Son zamanlarda “keyif” kelimesi acayip keyfimi kaçırmaya başladı. Ne yana baksam, içinden keyif geçen bir cümle görüyorum.
Çok keyifli bir projeydi… Bu keyifli sohbet için teşekkürler… Acayip keyifli bir adam… Kahve keyfi, tatil keyfi, keyifli bir kaçamak, keyif, keyif keyif!
Daha yeter ama! Gerçekten bıktık! Adam eşiyle sinemaya gidiyor. Daha film başlamadan bir fotoğraf çekip, “Aşkımla film keyfi” yazıyor. İyi de daha filmi seyretmediniz! Nereden biliyorsun keyif alacağını? Belki berbat bir film ve çok sıkılacaksınız. Belki arada kavga edeceksiniz.
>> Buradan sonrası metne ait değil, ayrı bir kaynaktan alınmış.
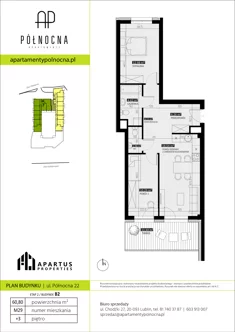 Mieszkanie, 60,80 m², 3 pokoje, piętro 3, oferta nr B2/29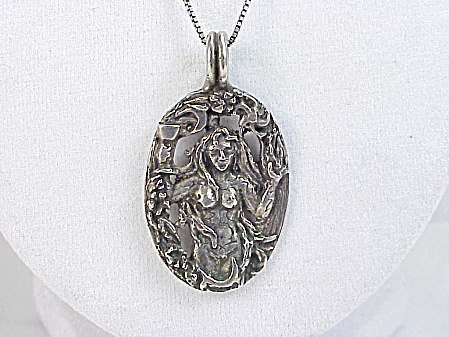 Art Nouveau Nude Woman Mermaid Sterling Silver Pendant Necklace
Daha kahve pişmeden cezvenin fotoğrafını çekip, “Biriciğimle kahve keyfi” yazılmaz. Önce kahve içilir. Kahvenin tadına, muhabbetin gidişatına bakılır. Sonra karar verilir.
Bu konuyu modern hayatın sevimli bir detayı olarak görüyor olabilirsiniz ama keyif alma saplantısı hayatla olan ilişkimizde çok çıkarcı davranmamıza yol açıyor ve fark etmiyoruz. Zaten bu yüzden keyfinizin kâhyalığına soyundum bugün. Sahip olduğumuz zamanı keyif ve mutluluk için yatırım aracı olarak kullanmaya başladığımıza dikkatinizi çekmek istedim.
Dikkat edin, artık insanla, eşyayla ve en genel manada hayatla olan ilişkimizde hep menfaat gözetiyoruz. Bu menfaat ilişkisinin temelinde de hazcılık yatıyor. Yapacağımız her işten tek bir beklentimiz var: Keyif almak, eğlenmek, mutlu olmak...
İyi de bunlar sonuç! Yani bir şey yaparsın ve sonucunda oluşan hissiyata göre keyif alıp almadığına karar verirsin. Aksini yaparsan beklenti enflasyonu oluşur ve yatırımın çöp olur.
Keyif almak için kitap okunmaz. Güzel vakit geçirmek için arkadaşlarla görüşülmez. Mutlu olmak için evlenilmez. Bu hayatla pazarlık yapmaktır ve hayat pazarlığı kaldırmaz.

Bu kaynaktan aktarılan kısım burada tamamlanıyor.